# noodle wash mitt vs wool/lambs wool wash mitt



## domandmel (Mar 16, 2012)

Hey everyone

as the title says, what are the advantages/disadvantages of either mitt? Im looking to change my megs mitt ive had for ages and have seen noodle type ones quite a bit cheaper than wool ones, is it a case of buy cheap buy twice? Or are the noodle ones pretty good?

All opinions greatly appreciated guys and gals


----------



## Phil_b88 (May 18, 2008)

I use a noodle mitt with onr as i don't get on with the grout sponge.


The downside of the noodle is the pile isn't as deep. A wool mitt has deep pile so any dirt/stones go into the pile and do not mar the paint. But you can't use it with onr 

I've had a wool mitt for years, worth spending a bit more on one so it doesn't fall apart!


----------



## domandmel (Mar 16, 2012)

so with it not being a deep pile means rinsing more regular?


----------



## horned yo (Feb 10, 2009)

I love my Zanio sponge atm but between a noodle mit or sheepskin i would def go for the sheep. only problem is they last 6 months then the thing starts to fall to bits. The megs mit is way better imo

but the Dodo sponge is brilliant to but a tad pricey


----------



## Gizmo68 (Mar 27, 2008)

horned yo said:


> I love my Zanio sponge atm but between a noodle mit or sheepskin i would def go for the sheep. only problem is they last 6 months then the thing starts to fall to bits. The megs mit is way better imo
> 
> but the Dodo sponge is brilliant to but a tad pricey


I started with a cheap (Tesco IIRC) noodle mitt - a truly awful piece of crap IMO.
Next up was the Meg's mitt, that was OK, but nothing special and TBH I didn't really get on with the mitt.
Nect up was the dooka wash pad - well what can I say, simply the best thing I have used, 18 months on (used on two cars) and it's still in great condition (the colour has faded a little) no signs of falling apart, but I have a spare pair for if / when that eventually happens.


----------



## horned yo (Feb 10, 2009)

why didnt you get on with the Megs Mit?


----------



## Gizmo68 (Mar 27, 2008)

Partially because it was a mitt, I ended up using it as a pad (not putting my hand inside it), but IMO there is a vast difference in the quality compared to the dooka pad.


----------



## Phil_b88 (May 18, 2008)

domandmel said:


> so with it not being a deep pile means rinsing more regular?


Yep, I would only use it with onr though as it offers more protection. With normal washes i'd go for the wool mitt.


----------



## horned yo (Feb 10, 2009)

thats the main reason why i use the zaino sponge.

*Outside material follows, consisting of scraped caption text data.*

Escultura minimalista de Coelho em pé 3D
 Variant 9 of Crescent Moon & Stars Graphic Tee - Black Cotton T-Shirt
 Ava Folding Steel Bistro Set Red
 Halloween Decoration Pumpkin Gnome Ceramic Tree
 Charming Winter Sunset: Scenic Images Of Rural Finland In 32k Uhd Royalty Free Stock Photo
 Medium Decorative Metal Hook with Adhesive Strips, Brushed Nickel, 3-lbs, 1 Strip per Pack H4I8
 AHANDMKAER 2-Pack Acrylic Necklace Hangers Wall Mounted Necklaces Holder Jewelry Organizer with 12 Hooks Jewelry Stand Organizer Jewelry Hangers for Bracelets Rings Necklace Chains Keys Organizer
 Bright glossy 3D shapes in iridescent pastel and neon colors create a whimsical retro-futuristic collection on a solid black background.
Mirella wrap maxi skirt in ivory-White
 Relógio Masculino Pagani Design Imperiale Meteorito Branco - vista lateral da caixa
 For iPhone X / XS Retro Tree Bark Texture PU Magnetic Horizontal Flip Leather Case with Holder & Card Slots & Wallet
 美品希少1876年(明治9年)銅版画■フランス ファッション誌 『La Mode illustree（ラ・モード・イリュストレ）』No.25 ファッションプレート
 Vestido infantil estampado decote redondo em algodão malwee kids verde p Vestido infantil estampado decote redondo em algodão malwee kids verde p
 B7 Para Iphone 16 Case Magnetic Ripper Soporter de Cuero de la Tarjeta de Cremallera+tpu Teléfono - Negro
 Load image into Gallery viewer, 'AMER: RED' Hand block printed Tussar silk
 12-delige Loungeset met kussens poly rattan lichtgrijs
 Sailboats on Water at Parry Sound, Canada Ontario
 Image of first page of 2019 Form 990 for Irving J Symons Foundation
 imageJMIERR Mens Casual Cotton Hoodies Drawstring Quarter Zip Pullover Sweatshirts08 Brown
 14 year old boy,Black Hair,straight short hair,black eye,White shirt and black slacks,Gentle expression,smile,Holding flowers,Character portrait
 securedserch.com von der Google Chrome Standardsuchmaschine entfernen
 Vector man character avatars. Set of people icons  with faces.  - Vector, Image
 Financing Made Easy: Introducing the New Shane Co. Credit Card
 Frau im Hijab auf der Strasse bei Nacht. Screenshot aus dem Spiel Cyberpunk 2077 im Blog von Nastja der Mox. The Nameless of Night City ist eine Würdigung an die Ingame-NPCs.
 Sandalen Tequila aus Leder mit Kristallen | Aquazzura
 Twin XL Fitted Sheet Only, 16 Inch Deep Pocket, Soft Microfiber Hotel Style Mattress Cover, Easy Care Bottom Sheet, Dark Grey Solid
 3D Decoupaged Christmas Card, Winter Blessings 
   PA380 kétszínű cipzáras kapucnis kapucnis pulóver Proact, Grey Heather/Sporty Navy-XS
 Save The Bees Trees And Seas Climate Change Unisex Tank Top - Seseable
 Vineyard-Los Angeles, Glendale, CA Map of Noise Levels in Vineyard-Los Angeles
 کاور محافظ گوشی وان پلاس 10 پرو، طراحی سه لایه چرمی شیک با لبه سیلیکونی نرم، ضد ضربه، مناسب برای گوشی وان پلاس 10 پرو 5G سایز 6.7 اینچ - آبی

The Dooka pad is just a bit too expensive for my taste


----------



## -Kev- (Oct 30, 2007)

you mean zymol sponge?...
use them too, rate them highly..


----------



## Mikey444 (Aug 6, 2012)

Lambs wool mit all the way sooooo much better than noodle mits however lambwool mits don't last as long..


----------



## domandmel (Mar 16, 2012)

Cheers for all your input guys. Lambswool it is then!


----------



## horned yo (Feb 10, 2009)

thats what i did mean. God am stupid


----------



## domandmel (Mar 16, 2012)

i dont tend to use my megs mitt as a mitt per say (i dont stick my hand in it), have seen a valetpro sponge from elite car care (black colour), anyone seen/used these?


----------



## DAN: (Apr 18, 2010)

Noodle mit for me. lasts years compared to expensive lambswool that lasts one wash and turns into a wire mitt


----------



## jubileebug (Jan 25, 2008)

i really like my megs mitt, and its lasted well too


----------



## domandmel (Mar 16, 2012)

My megs mitt is still good but can help think its not as soft/kind to the paintwork after years of abuse.


----------



## Steampunk (Aug 11, 2011)

I have owned just about every form of wash media in the past (Except for a REALLY nice sponge, like the Dodo-Juice Supernatural variety; that's on my list.), and I can say that my absolute favorite so far is my Dodo-Juice Supernatural Short Haired Wookie Merino Wool Wash Mitt. I adore it; it's an absolute joy to use, but being a 100% natural product it is a LOT of maintenance if you want it to last for any period of time. Even then a fully synthetic product will most likely outlive it (Though these also start getting gnarly over time.). I personally enjoy the process of caring for my detailing supplies (Grooming wash mitts, carefully cleaning microfibers, scrubbing polish/paint residue out of my pads with APC, keeping my bottles topped up with the correct dilution of concentrates, sealing my wash buckets, refrigerating wax products, keeping my supplies carefully organized in a cool, dark location, etc.), and if you do too I wouldn't hesitate to get the best sheepskin mitt you can; you'll love it to bits. If you don't, I would look at a synthetic media.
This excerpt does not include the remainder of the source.